**Task item**
Look through the entries for the string "Video", and copy each line that holds it.

Short text fragments from websites
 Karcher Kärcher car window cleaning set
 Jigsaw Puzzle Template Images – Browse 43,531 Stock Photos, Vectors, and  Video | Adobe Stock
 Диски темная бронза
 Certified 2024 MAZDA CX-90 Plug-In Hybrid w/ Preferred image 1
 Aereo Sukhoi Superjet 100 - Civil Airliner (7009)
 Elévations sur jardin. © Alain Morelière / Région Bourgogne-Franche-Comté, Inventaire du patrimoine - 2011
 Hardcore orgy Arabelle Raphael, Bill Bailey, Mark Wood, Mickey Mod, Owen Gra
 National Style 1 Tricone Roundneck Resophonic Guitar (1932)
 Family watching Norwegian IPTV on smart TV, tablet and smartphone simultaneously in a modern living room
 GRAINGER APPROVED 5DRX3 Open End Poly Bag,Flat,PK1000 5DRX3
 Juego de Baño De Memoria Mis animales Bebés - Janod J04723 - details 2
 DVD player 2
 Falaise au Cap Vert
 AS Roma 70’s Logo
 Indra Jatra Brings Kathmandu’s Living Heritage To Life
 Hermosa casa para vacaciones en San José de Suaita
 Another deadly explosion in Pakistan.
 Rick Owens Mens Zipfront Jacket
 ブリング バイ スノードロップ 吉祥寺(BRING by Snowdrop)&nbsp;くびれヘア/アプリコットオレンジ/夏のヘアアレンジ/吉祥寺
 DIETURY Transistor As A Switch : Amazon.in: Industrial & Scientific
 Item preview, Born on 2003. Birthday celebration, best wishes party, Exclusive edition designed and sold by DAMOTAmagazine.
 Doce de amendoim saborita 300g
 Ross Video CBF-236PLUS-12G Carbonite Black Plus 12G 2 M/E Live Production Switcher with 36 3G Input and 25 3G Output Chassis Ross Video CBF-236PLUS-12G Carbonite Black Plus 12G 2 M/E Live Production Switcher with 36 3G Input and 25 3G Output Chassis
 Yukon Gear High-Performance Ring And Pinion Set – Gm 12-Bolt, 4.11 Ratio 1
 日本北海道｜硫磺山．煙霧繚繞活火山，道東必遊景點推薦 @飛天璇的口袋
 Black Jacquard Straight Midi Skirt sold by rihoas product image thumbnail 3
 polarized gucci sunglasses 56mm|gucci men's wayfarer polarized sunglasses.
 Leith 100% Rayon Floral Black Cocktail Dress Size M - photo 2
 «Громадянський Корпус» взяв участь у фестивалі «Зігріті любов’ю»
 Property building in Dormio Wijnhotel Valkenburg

**Result of the task**
 Jigsaw Puzzle Template Images – Browse 43,531 Stock Photos, Vectors, and  Video | Adobe Stock
 Ross Video CBF-236PLUS-12G Carbonite Black Plus 12G 2 M/E Live Production Switcher with 36 3G Input and 25 3G Output Chassis Ross Video CBF-236PLUS-12G Carbonite Black Plus 12G 2 M/E Live Production Switcher with 36 3G Input and 25 3G Output Chassis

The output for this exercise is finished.